_WORK REQUEST_
Although the records contain pictures, none belong in the copy: restate word for word only the lines from the one with "תוצאת מבחן 1" through the one with "Factory Price Small", both included.

_Stored items from a collection_
◇ ◇ ◇
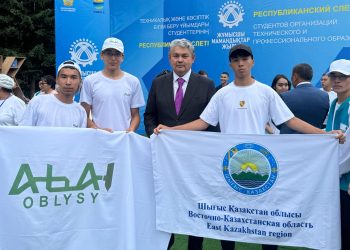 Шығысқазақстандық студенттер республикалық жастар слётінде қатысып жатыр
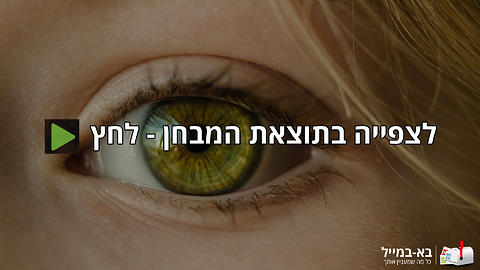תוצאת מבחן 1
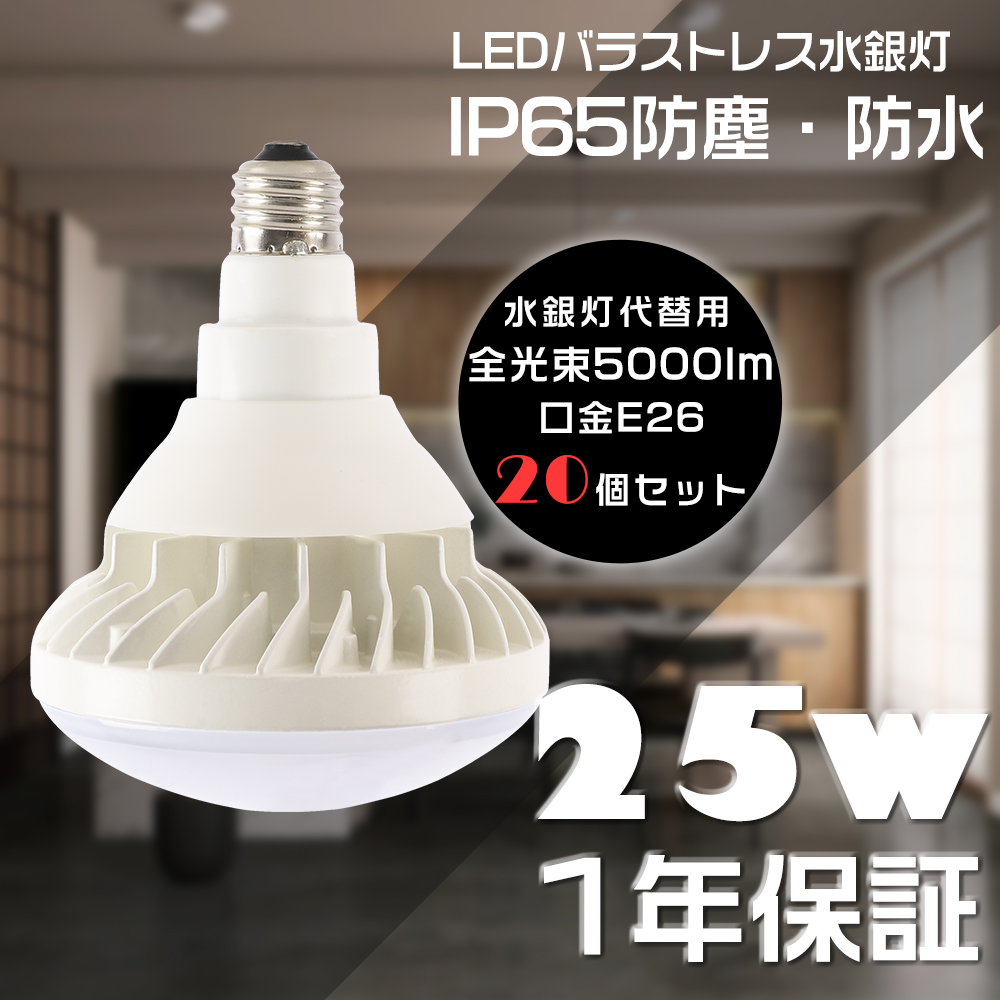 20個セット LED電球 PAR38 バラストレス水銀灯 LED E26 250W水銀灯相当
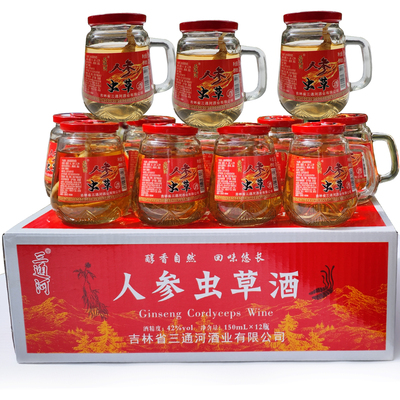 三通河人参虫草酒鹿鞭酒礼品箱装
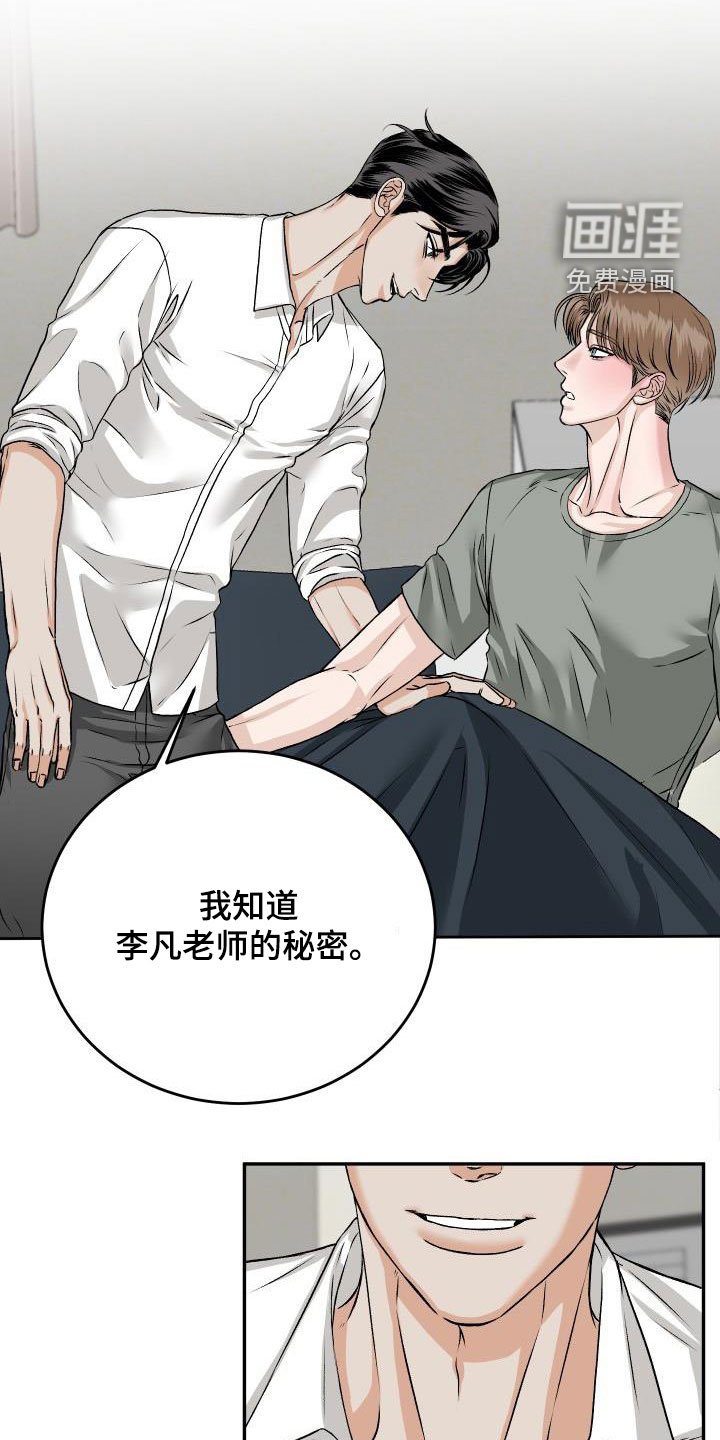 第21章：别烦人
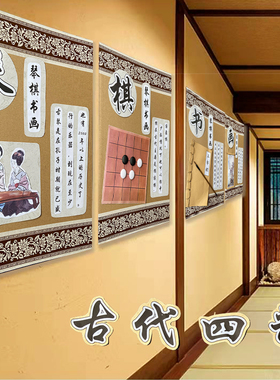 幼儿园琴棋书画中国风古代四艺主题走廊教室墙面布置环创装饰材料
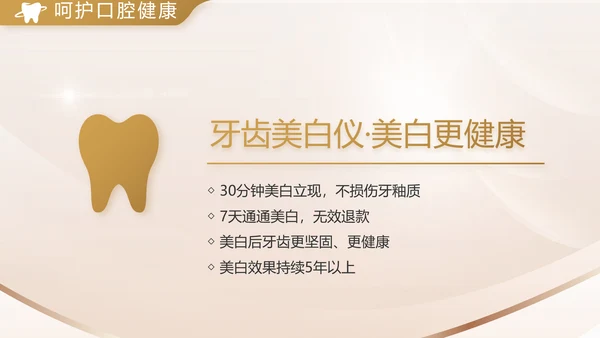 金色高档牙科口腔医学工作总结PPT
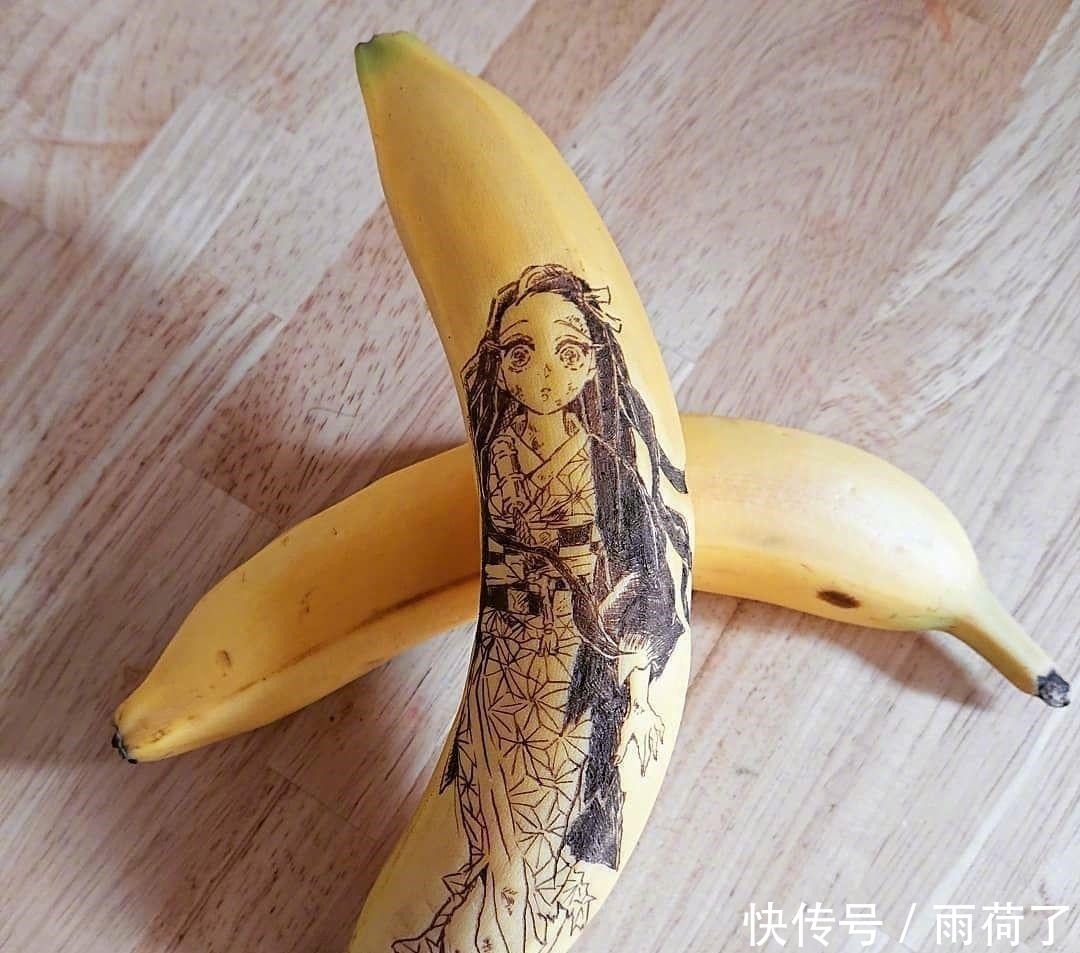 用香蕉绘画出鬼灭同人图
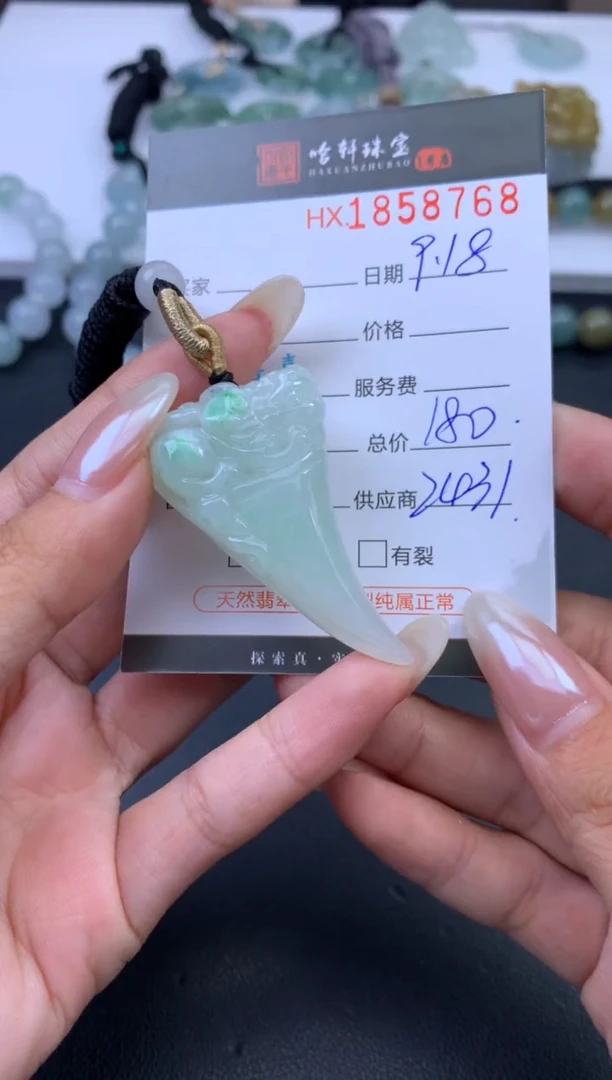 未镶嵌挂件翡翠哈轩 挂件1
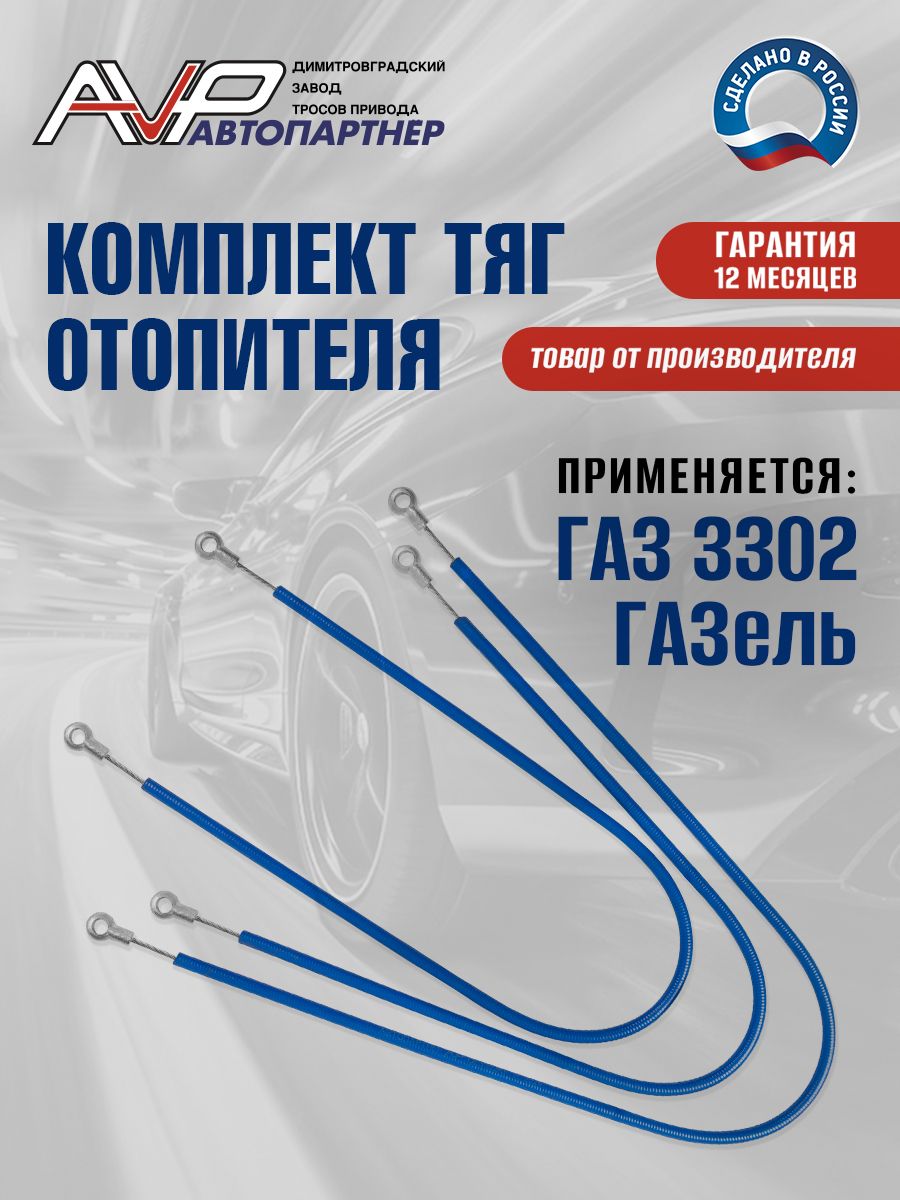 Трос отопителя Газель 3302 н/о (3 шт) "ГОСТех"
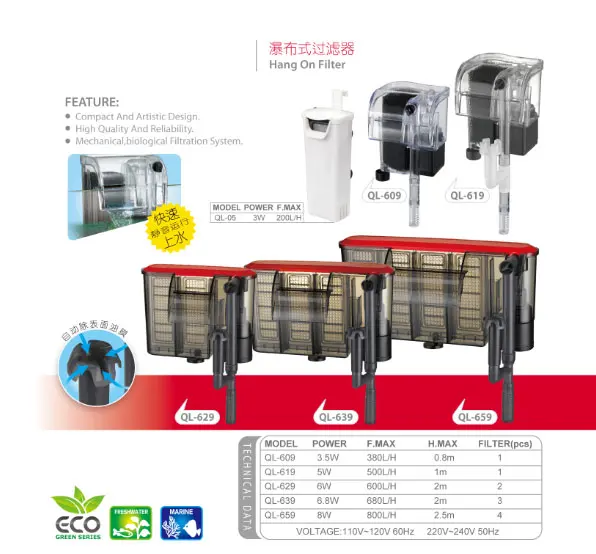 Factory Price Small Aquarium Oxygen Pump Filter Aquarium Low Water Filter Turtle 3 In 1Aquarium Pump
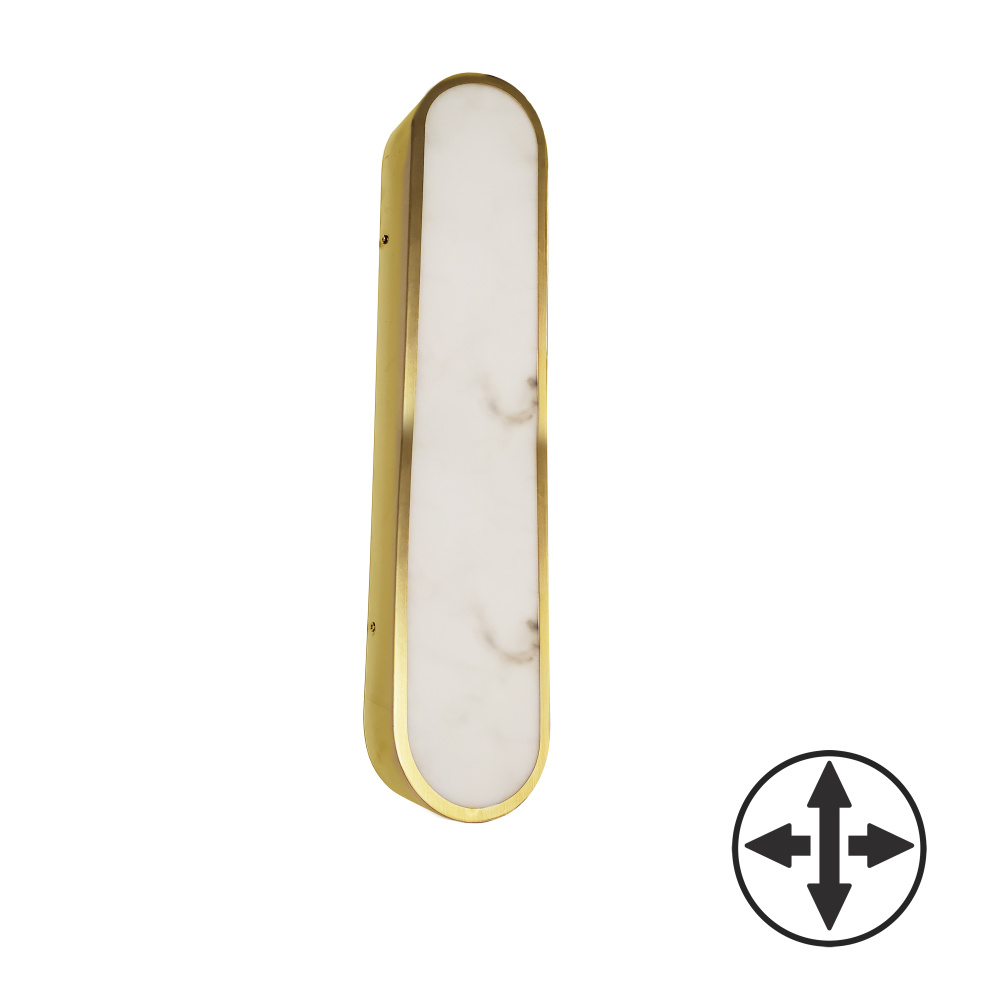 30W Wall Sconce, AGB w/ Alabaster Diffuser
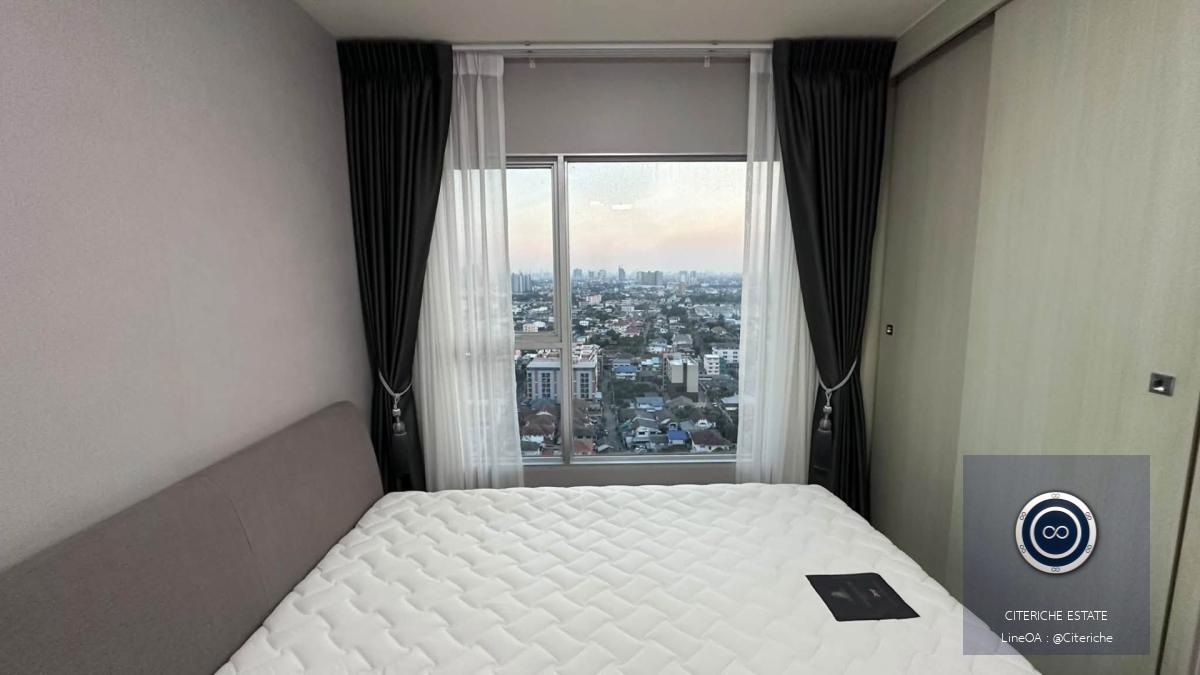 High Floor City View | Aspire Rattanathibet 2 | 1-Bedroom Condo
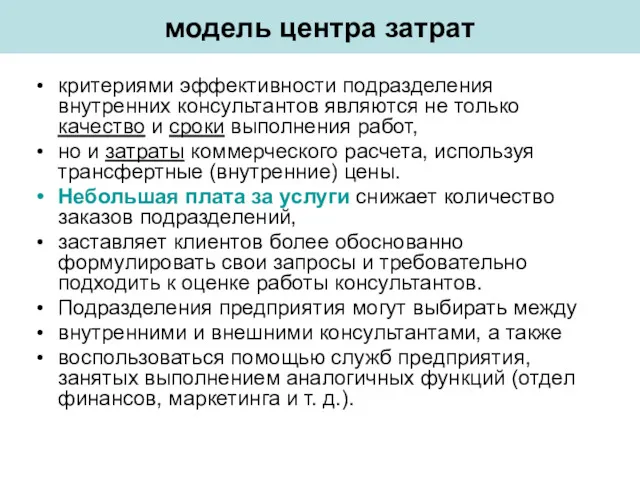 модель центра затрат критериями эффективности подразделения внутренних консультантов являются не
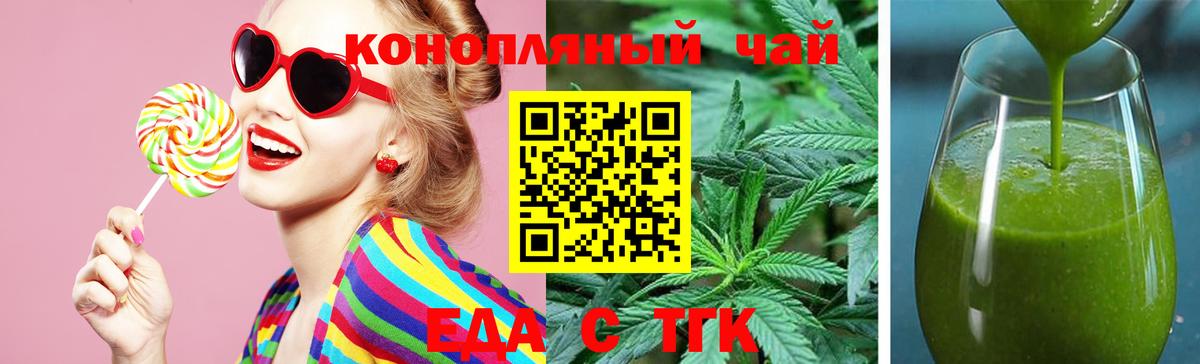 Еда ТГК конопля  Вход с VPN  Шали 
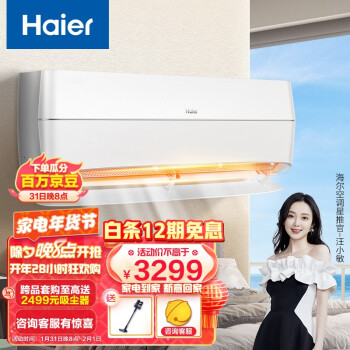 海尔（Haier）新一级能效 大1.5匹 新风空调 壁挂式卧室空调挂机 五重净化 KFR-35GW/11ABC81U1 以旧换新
◇ ◇ ◇
_RESPONSE TO THIS EXERCISE_
תוצאת מבחן 1
 20個セット LED電球 PAR38 バラストレス水銀灯 LED E26 250W水銀灯相当
 三通河人参虫草酒鹿鞭酒礼品箱装
 第21章：别烦人
 幼儿园琴棋书画中国风古代四艺主题走廊教室墙面布置环创装饰材料
 金色高档牙科口腔医学工作总结PPT
 用香蕉绘画出鬼灭同人图
 未镶嵌挂件翡翠哈轩 挂件1
 Трос отопителя Газель 3302 н/о (3 шт) "ГОСТех"
 Factory Price Small Aquarium Oxygen Pump Filter Aquarium Low Water Filter Turtle 3 In 1Aquarium Pump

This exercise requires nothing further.